Hanoi: US Secretary of State Hillary Clinton urged Asia on Friday to enforce tough sanctions against North Korea, which hit back by threatening a ‘physical response' to Washington's plans for joint military drills with South Korea.

Clinton, speaking in Hanoi at the Asia-Pacific's biggest security dialogue, also called on Myanmar's neighbours to pressure the country's military rulers for democratic reforms, and said Asia must join the global community in sending a ‘clear signal' to Iran to curb its nuclear ambitions.

"One measure of the strength of a community of nations is how it responds to threats to its members, neighbours and region," Clinton told the 27-member Asean Regional Forum, which includes regional powers China, Japan and Russia along with the United States, European Union and Canada.
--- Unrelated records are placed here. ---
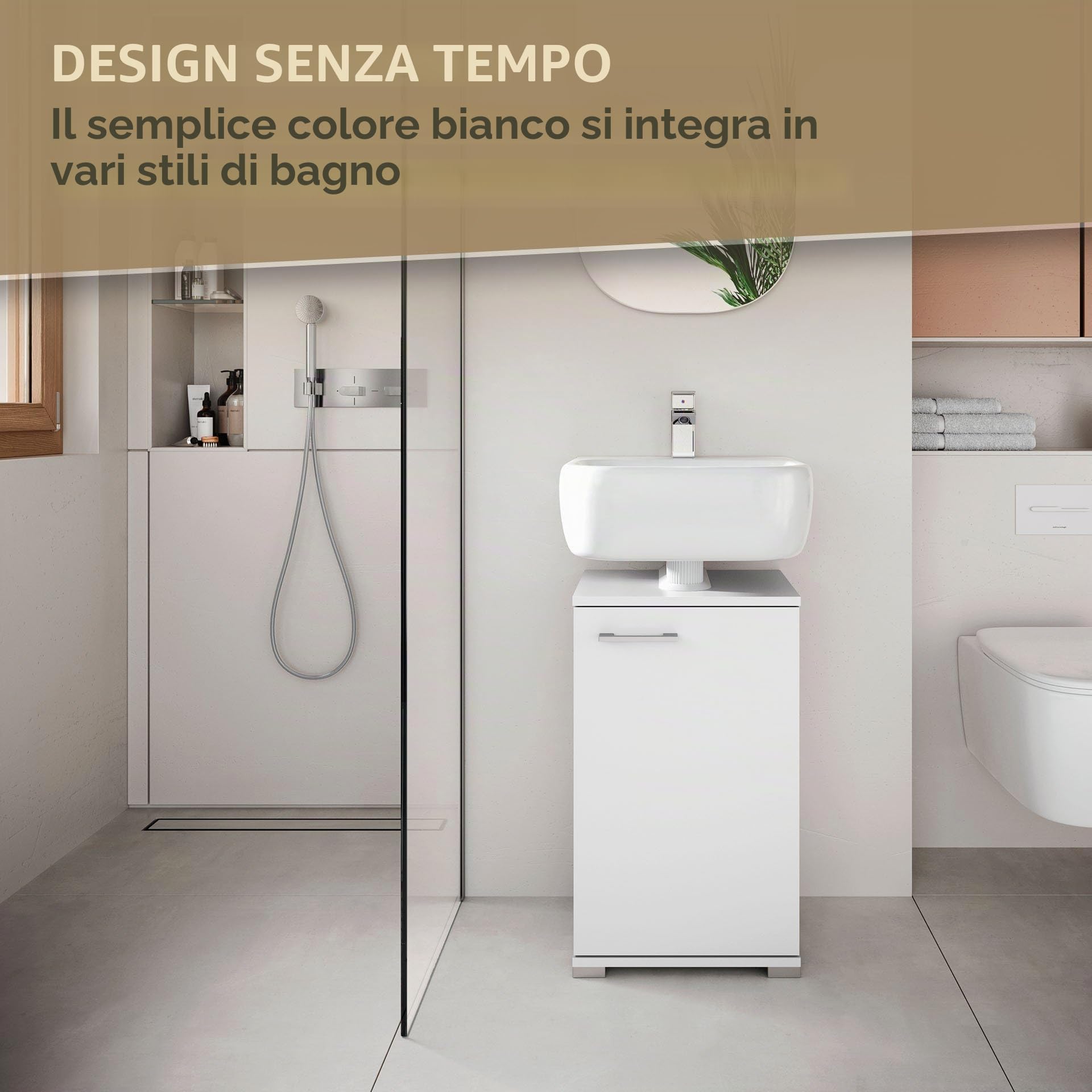 Probus Mobile da bagno Basic 40 cm – Mobile sottolavabo moderno in design bianco con molto spazio – Made in Germany, bianco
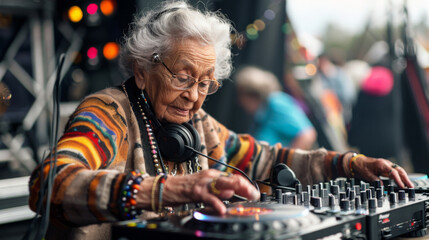Elderly Women DJs Spinning Eclectic Beats at Popular Music Festivals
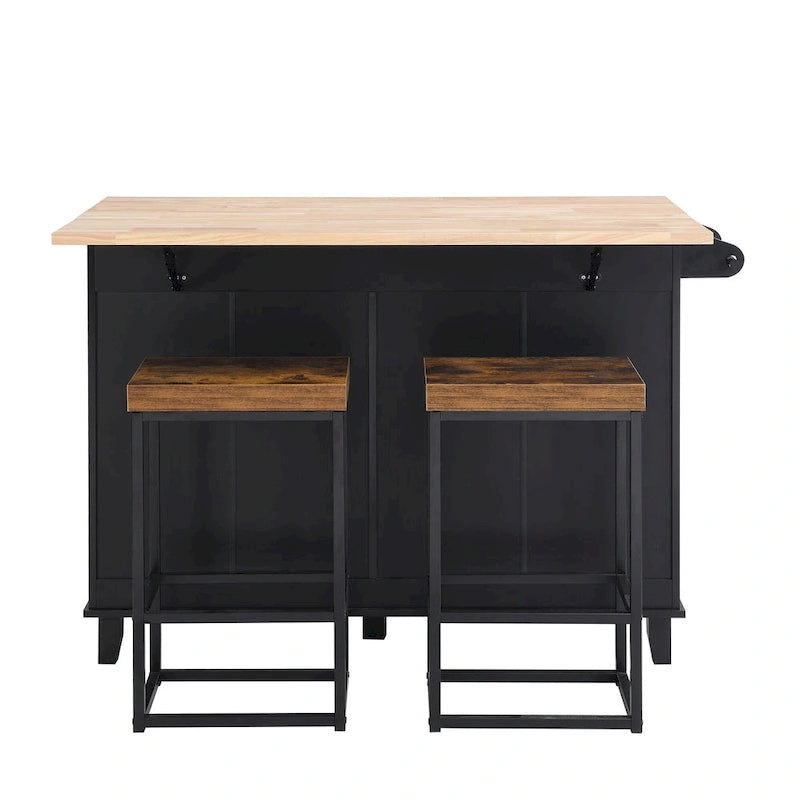 Ensemble îlot de cuisine TOPMAX avec rallonge rabattable et 2 places assises, ensemble table à manger avec étagère réglable, tiroirs et porte-serviettes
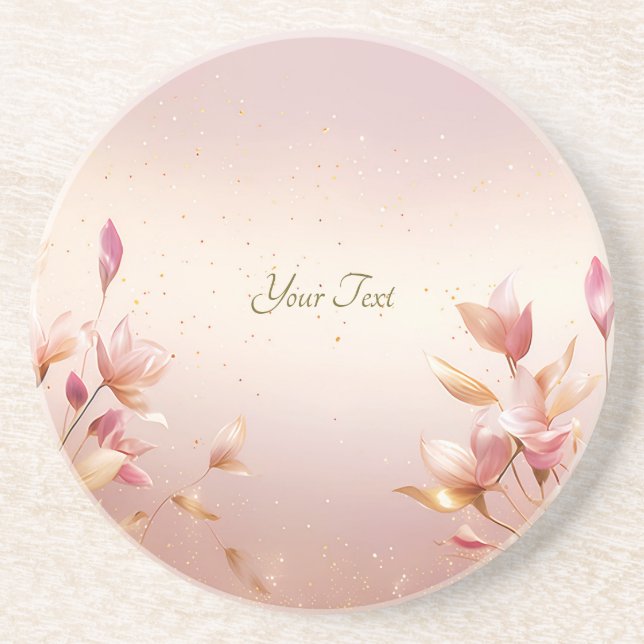 Pink Golden Leaves Floral Sandstone Coaster (Front)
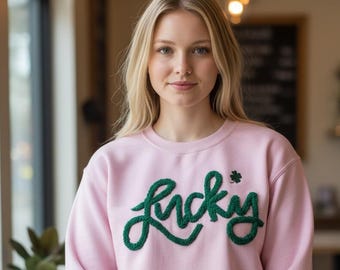 Pink St Patricks Day Sweatshirt | Lucky Shamrock Chenille Embroidery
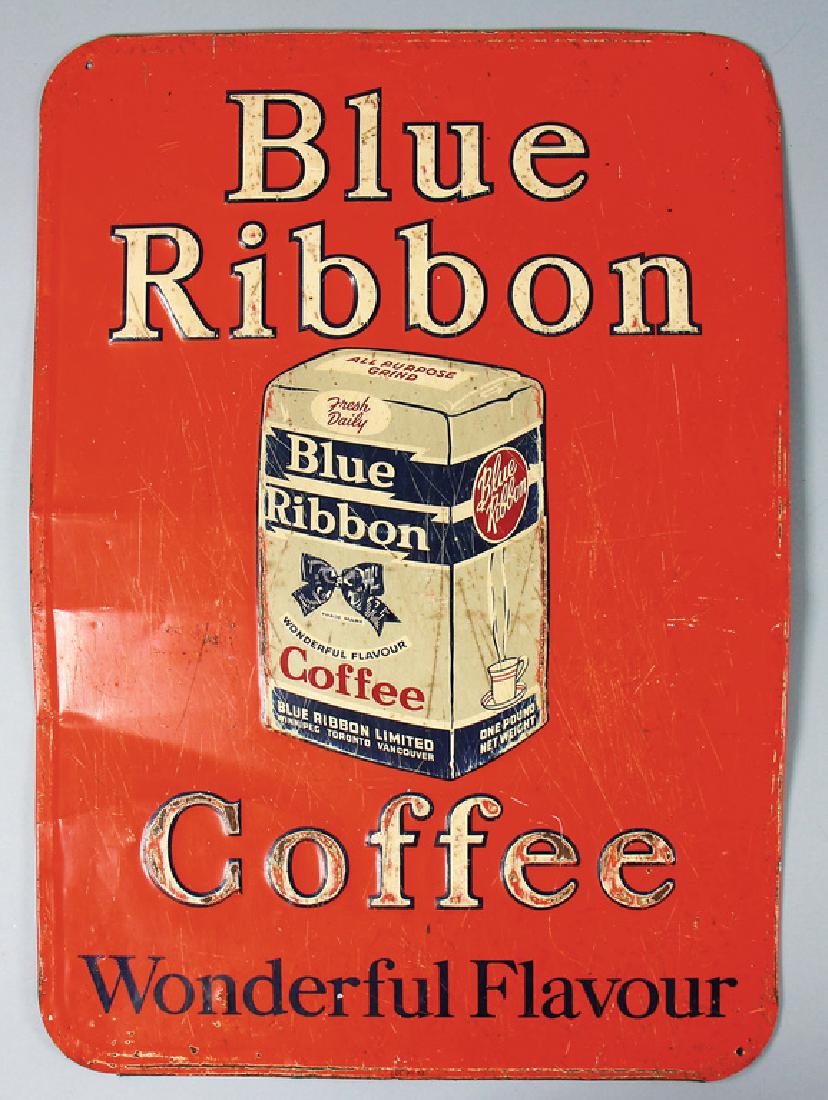 Tin sign "Blue Ribbon Coffee", '50s, 70 x 49 cm, (1 of 1)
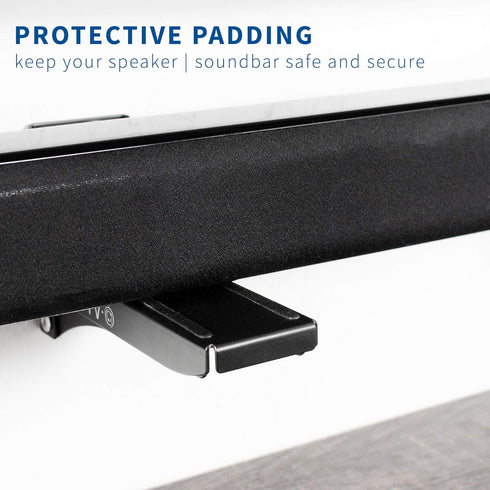 VIVO Steel Universal Dual Soundbar Wall Mount L Brackets, Adjustable Extending Speaker Arm Holders, Black
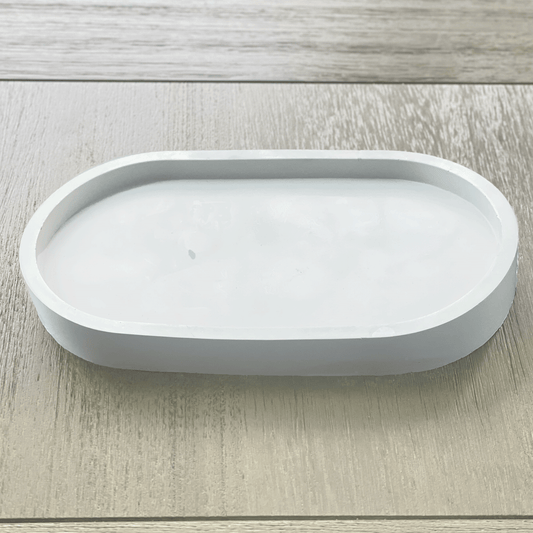 Small White Oval Concrete Tray for Candles, Keys, Jewelry, Room Spray, Decorative and more!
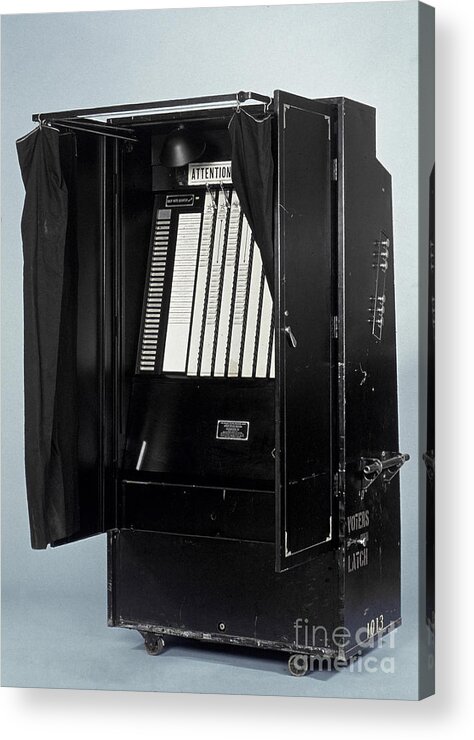 1930s Acrylic Print featuring the photograph American Voting Booth by Granger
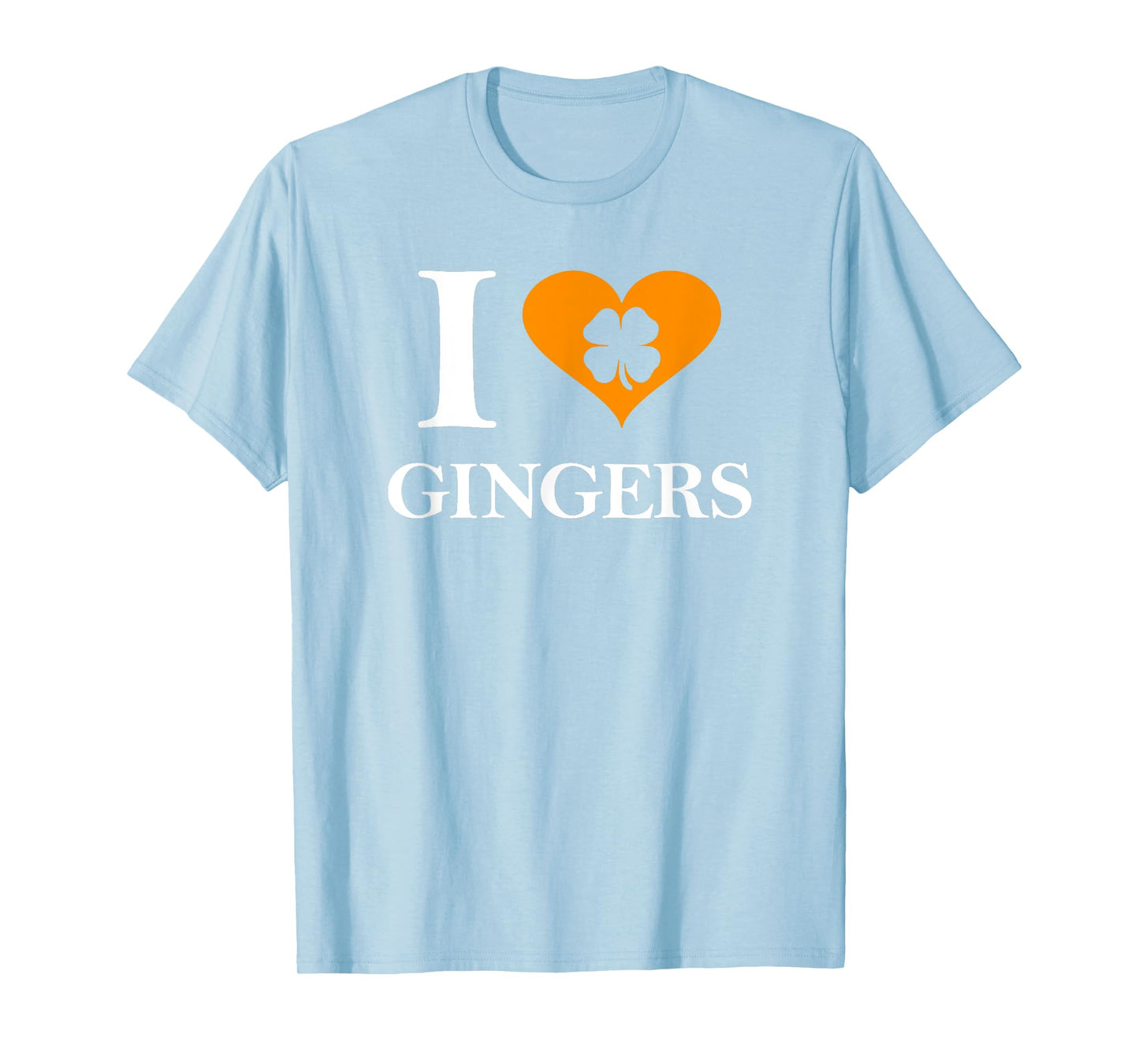 I Love Gingers Heart Shamrock Redhead Lover Shirt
Clinton on Wednesday unveiled new US sanctions against North Korea, blamed by both Washington and Seoul for the March sinking of a South Korean warship which killed 46 sailors and sharpened tensions over Pyongyang's nuclear programme.

The new US sanctions target North Korea's ruling elite and build on earlier United Nations sanctions which imposed broad curbs on dealings with the North in hopes of persuading it to abandon its atomic ambitions.

Clinton said it was essential Asian nations enforce the punitive measures to encourage North Korea "to take the steps it must" to stop nuclear development and seek real peace with South Korea.

A North Korean diplomat said the sanctions and plans for US and South Korean large-scale joint military drills would be met with a ‘physical response'.

"There will be physical response to the steps imposed by the United States militarily," Ri Tong-il, a member of Pyongyang's delegation at the security forum, told reporters. The military drills, he said, violated North Korean sovereignty.

Japan waded into the crisis, announcing plans to send four Maritime Self Defence Forces officers to the US-South Korea exercises off the west coast of the divided Korean peninsula as observers, responding to invitations from the two countries.

This will be the first time Japan's self defence forces join a joint exercise by the United States and South Korea starting this weekend, a Defence Ministry spokeswoman said. The four officers will be aboard US aircraft carrier George Washington.

Clinton also urged Asia-Pacific ministers to put more pressure on Myanmar — a member of the Association of South East Asian Nations (Asean) which anchors the forum — to enact real democratic reforms and allow elections later this year which will be both free and credible.

President Barack Obama's administration has expressed frustration that, despite US offers of greater engagement, Myanmar's military rulers have refused to budge on key demands. These include the release of an estimated 2,000 political prisoners, such as Nobel Peace laureate Aung San Suu Kyi.

It has also said it is concerned by reports that Myanmar, formerly known as Burma, is seeking North Korean help to develop its own nuclear programme, which, if true, could open an alarming new front in the battle against global proliferation.